А Мадлен решила, что это часть ее образования – не менее важная, чем то, что она получала в институте, – изучение богатых и знаменитых. Она начнет с того, что попросит Уатта прислать ей подписку на «Таун энд кантри» и «Повседневную женскую одежду».

Время от времени Мадлен косилась на Макнила, который постоянно менял столы, что являлось частью его стратегии. Она то и дело подходила к Уатту, но любовник рисковал такими суммами, что, хотя и выигрывал, у нее внутри все сжималось. Однако стоя рядом с ним, Мадлен отметила, что они такая же привлекательная пара, как и другие. Разница в возрасте оставалась незамеченной. Богатые мужчины любили женщин моложе себя. Мадлен поняла, что единственный человек, кому не давала покоя эта разница, была она сама. Но это происходило из-за Анны.

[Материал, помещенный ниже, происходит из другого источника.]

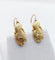 Boucles d'oreilles Dormeuses victoriennes poissardes or rose, goutte et décorations ciselées (circa 1880) 58 Facettes A05080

И Хэдли. Боль предательства все еще жгла Мадлен. То и дело жестом или улыбкой Уатт напоминал своего сына. Сложное положение. Проведя целый день с Уаттом, Мадлен скрепя сердце признала, что Хэдли забыт не совсем. Все же теперь придется выбросить его из головы навсегда.

Через час в казино Уатт вернул себе деньги, которые потерял во время загула с Мадлен по магазинам. Еще через сорок пять минут компенсировал расходы на номер в «Бреннере» и ужин в тамошнем многозвездном ресторане.

В два часа ночи с рассованным по карманам выигрышем они вернулись в отель. Уатт был слишком измотан игрой, чтобы заниматься любовью, но к рассвету он разбудил Мадлен, крепко прижавшись к ее животу своей напряженной плотью.

Следующий день прошел спокойно: за чтением «Интернэшнл геральд трибюн», любовными играми, потягиванием чая, поеданием печенья, снова любовными играми и просмотром телеверсии «Аиды» во время любовных игр. В пять они решили упаковать вещи и пораньше поужинать, перед тем как Франц отвезет Мадлен в Пфорцхайм, а Уатта – в Штутгарт, где он собирался встретиться с Карлом Гейнцем Пшорном.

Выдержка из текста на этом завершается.